Federal Reserve Bank of Dallas President Richard Fisher said the Fed should scale back $85 billion in monthly bond buying, warning against channeling too much stimulus into a housing market that’s already rebounding.
“The fact that the housing-market gears have now begun to mesh is why I believe we are running the risk of overkill by continuing our mortgage-backed securities purchase program at the current pace,” Fisher said in the text of remarks for a speech Wednesday in New York. “It would be best to taper the dose of QE so that markets can adjust gradually to the eventual removal of this treatment.”
U.S. central bankers are debating how long to pursue their third round of large-scale bond purchases, with some citing signs of economic vigor while others voice concern the Fed is pumping up asset price bubbles. Chairman Ben S. Bernanke defended record stimulus to Congress Tuesday and Wednesday, saying accommodation has helped reduce borrowing costs and spur growth.
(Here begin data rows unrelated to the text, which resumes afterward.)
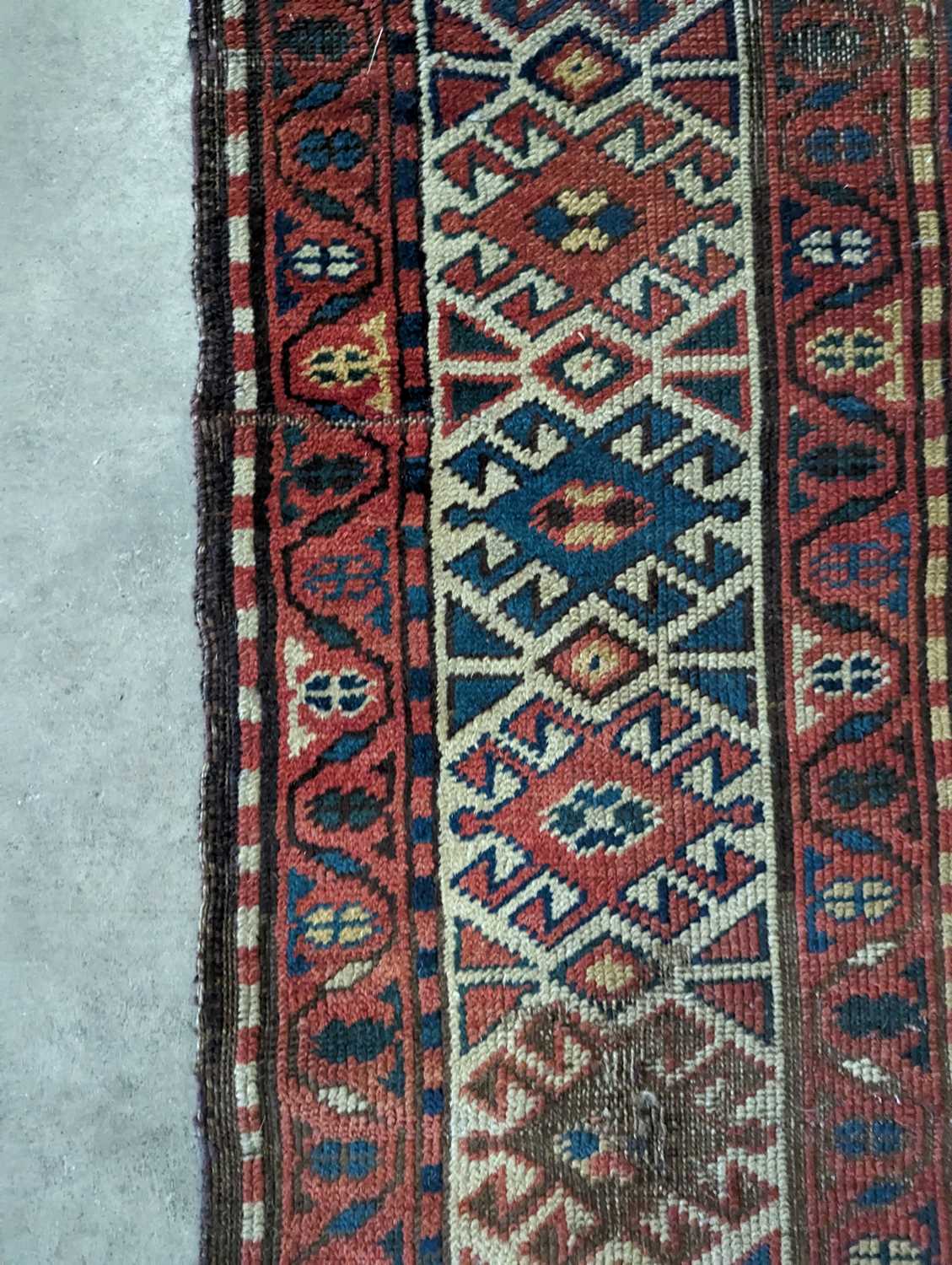 A Kilim rug, - Image 9 of 27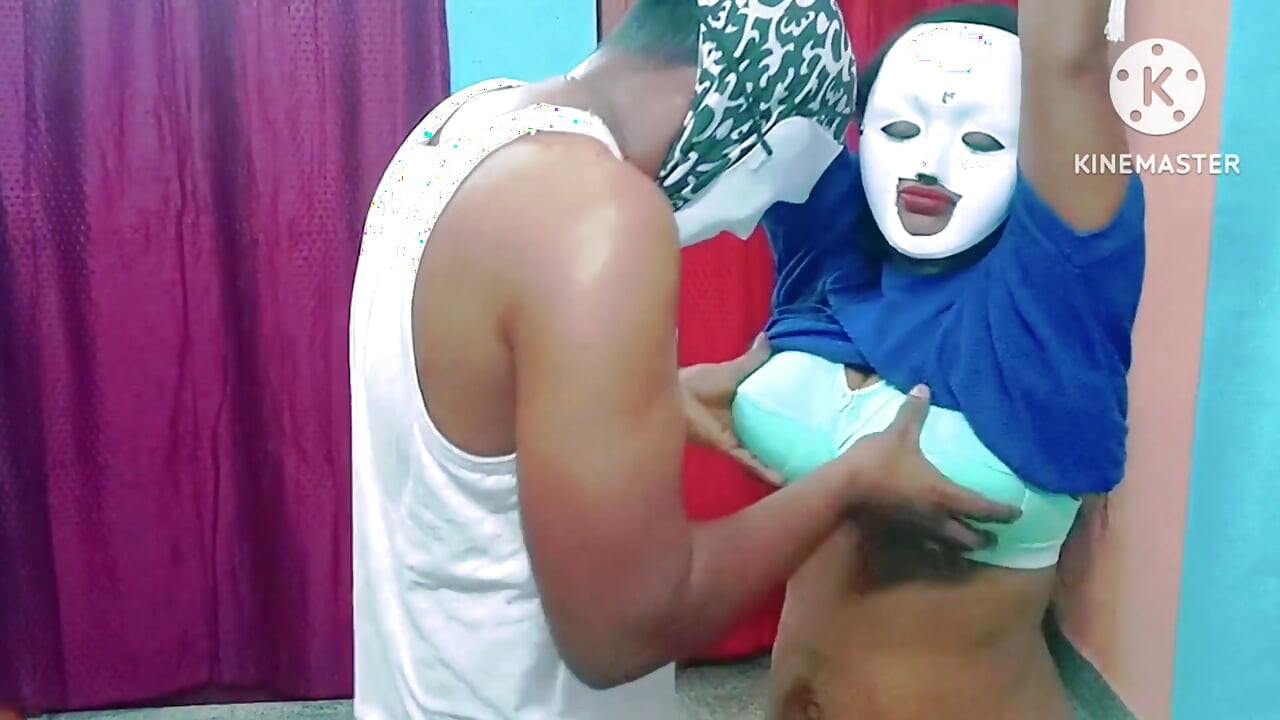 BDSM - a Boy Tied Her GF Then Sexually Explored Her - Full Tamil Audio with Erotic Moaning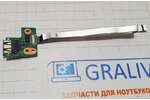 Доп. плата usb ноутбука HP G72, 01013JS00-388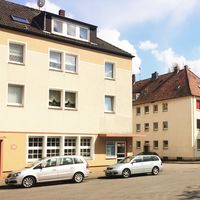 Квартира в большом городе в Германии, Северная Рейн-Вестфалия, 43 кв.м.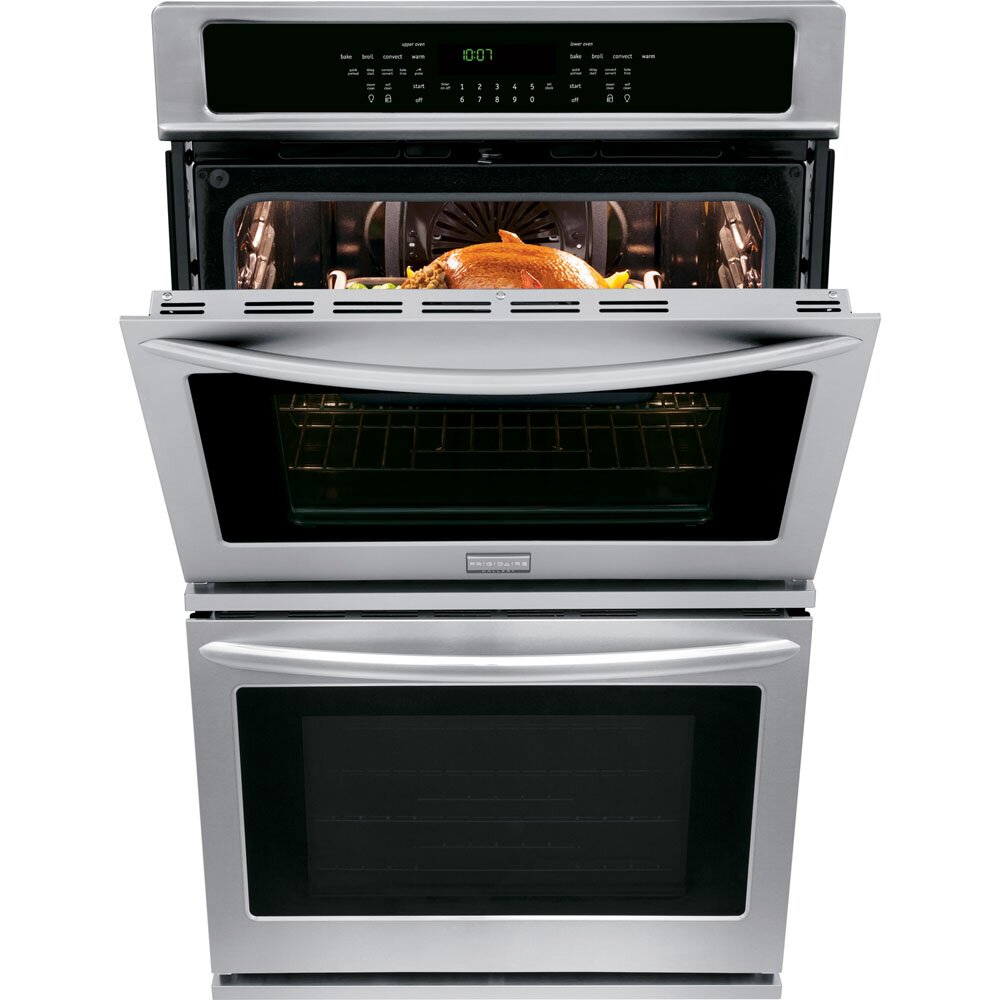 Frigidaire Gallery Series 30" SelfCleaning Convection Electric Double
“Now that we have them in place, and the fixed-income and stock markets are hooked on the monetary Ritalin that we have dispensed in ever-larger doses, it would, in my opinion, do great harm to force a sudden withdrawal,” Fisher said at an event hosted by Columbia University.
The Federal Open Market Committee last month affirmed its plan to keep buying $40 billion per month in mortgage bonds and $45 billion in Treasuries. Several participants said the central bank should be ready to vary the pace of the purchases as it monitors the state of the economy and weighs the program’s benefits and costs, minutes of that meeting showed.
Housing is among the parts of the U.S. economy that have benefited from Fed accommodation, Bernanke said in testimony to the House Financial Services Committee Wednesday.
“We do not see the potential costs of the increased risk- taking in some financial markets as outweighing the benefits of promoting a stronger economic recovery and more-rapid job creation,” he said.
Still, Fisher, who does not vote on monetary policy this year, said the Fed’s “hyper-accommodative” policies don’t equally distribute gains. The nation’s biggest banks and wealthiest investors have benefited, while savers and retirees have been “waylaid on the sidelines of the zero bound,” Fisher said. Also, smaller banks have suffered with lower interest margins, he said.
“Rather than achieve the intended theoretical effect, I believe the policy of super-abundant money at costs deviating substantially from normal equilibrium levels may ultimately prove to be counterproductive,” Fisher said. Employers “will tell you that despite access to cheap and abundant capital, they are hesitant to make long-term commitments, including hiring significant numbers of permanent workers.”